Short text fragments from websites:
# # #

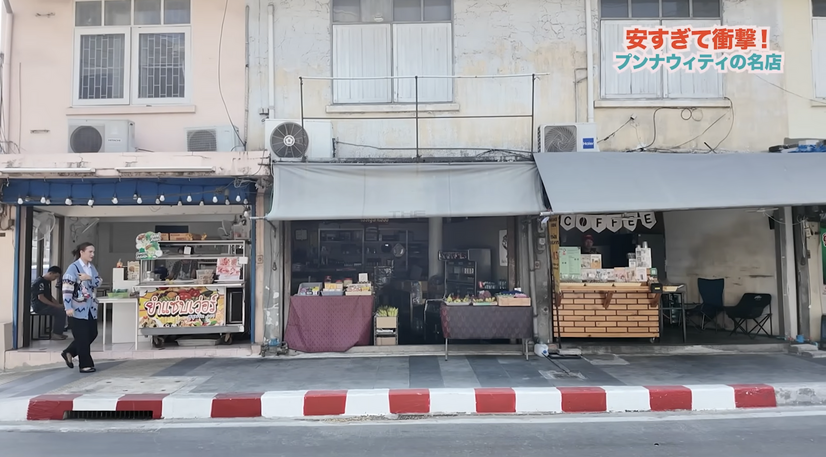 【アジア美食レポート】50円串焼きに幻の赤バナナ、揚げ麺ラートナーも！スクンビット101の路地裏グルメ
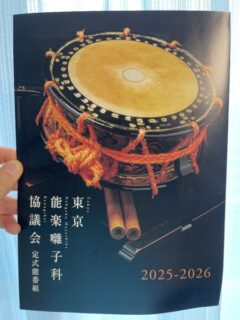 2025年6月11日「大六天」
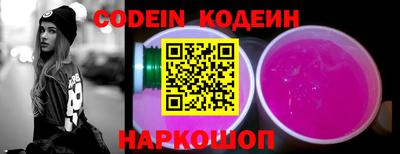 марки nbome Гатчина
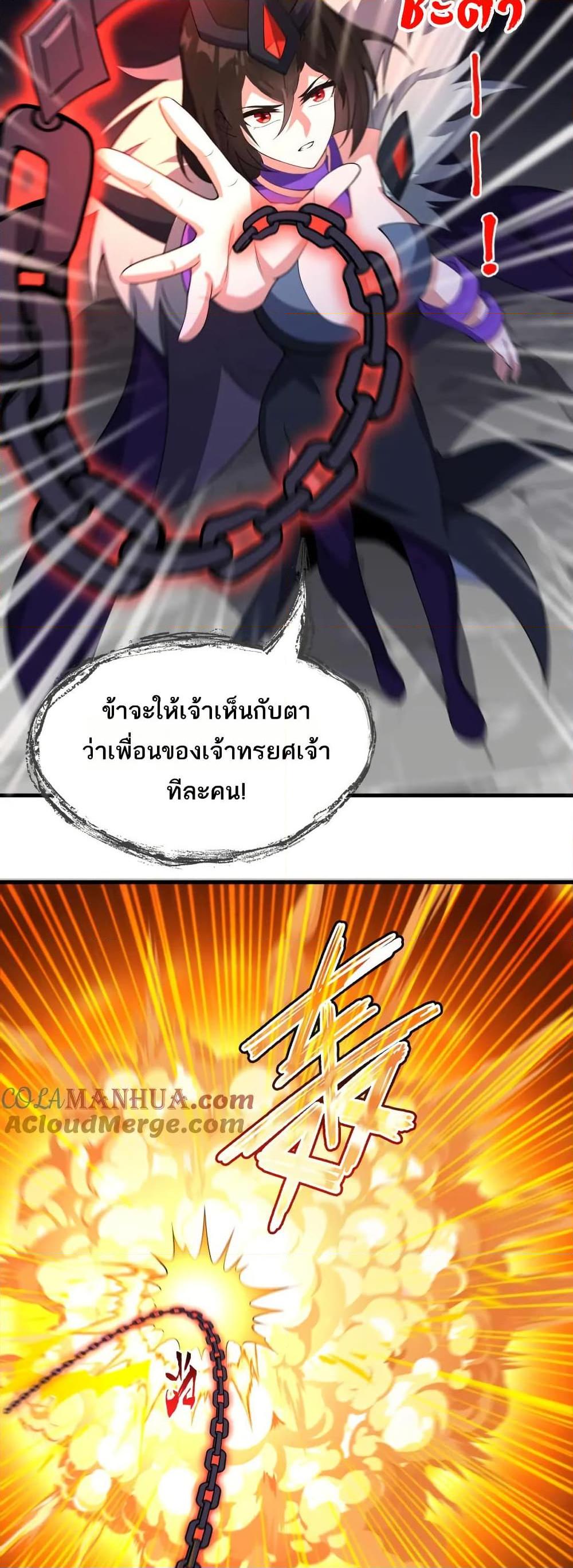 I Rely On Cheat To Hunt Gods ตอนที่ 48 14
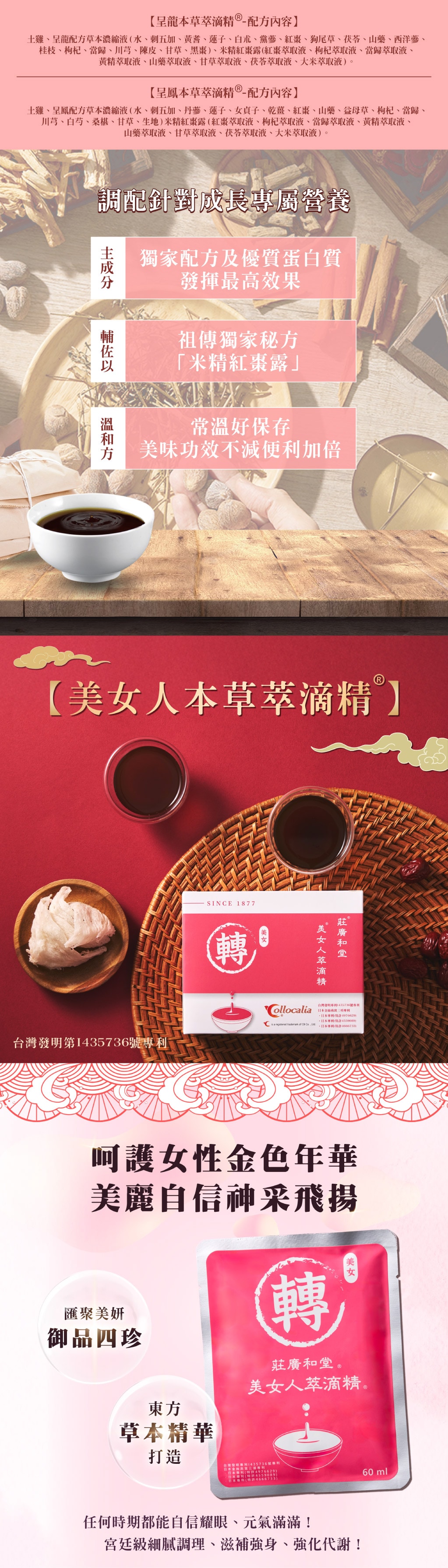 母親節方案SL02 母親節方案SL02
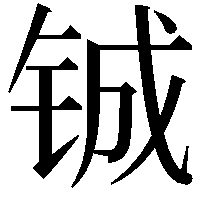 铖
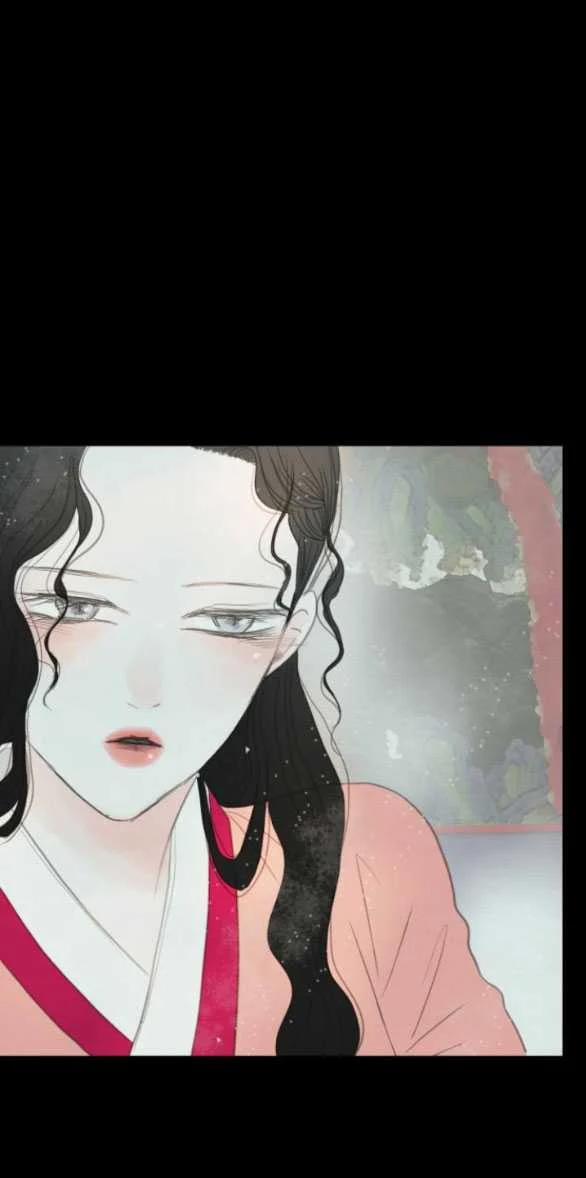 [18+] Chuyến Đi Đêm Cùng Nhà Vua 13.1 trang 1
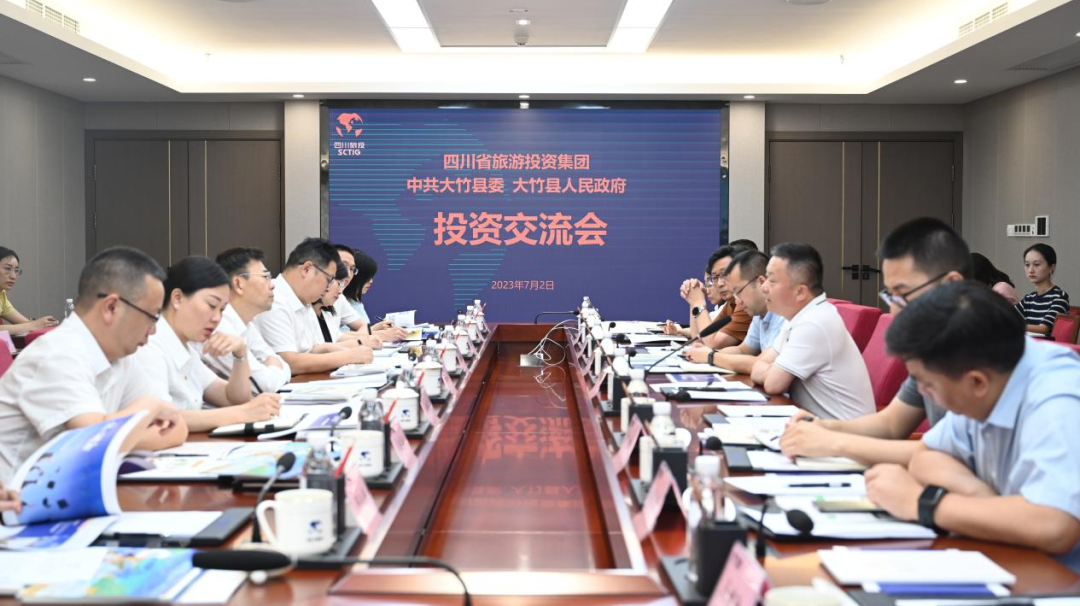 大竹考察组到访省云顶集团集团开展投资交流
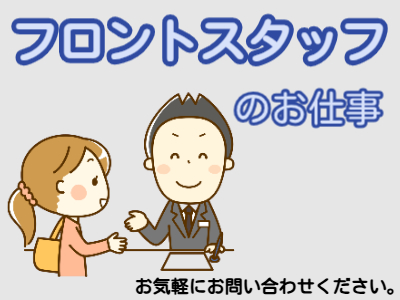 ホテルスタッフ(ホテル夜間フロントスタッフ)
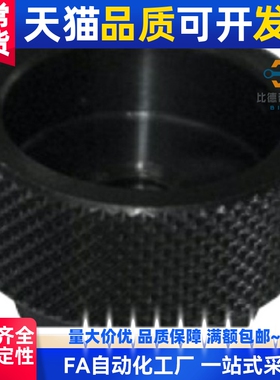 固定型把手 网纹把手HAX41 HAX42 HAX46-M3-M4-M5-M6-M8-M10-M12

# # #

PROBLEM DETAILS.
Each entry is to be given again exactly as it stands, with its pictures removed.

REPLY TO THE EXERCISE.
 【アジア美食レポート】50円串焼きに幻の赤バナナ、揚げ麺ラートナーも！スクンビット101の路地裏グルメ
 2025年6月11日「大六天」
 марки nbome Гатчина
 I Rely On Cheat To Hunt Gods ตอนที่ 48 14
 母親節方案SL02 母親節方案SL02
 铖
 [18+] Chuyến Đi Đêm Cùng Nhà Vua 13.1 trang 1
 大竹考察组到访省云顶集团集团开展投资交流
 ホテルスタッフ(ホテル夜間フロントスタッフ)
 固定型把手 网纹把手HAX41 HAX42 HAX46-M3-M4-M5-M6-M8-M10-M12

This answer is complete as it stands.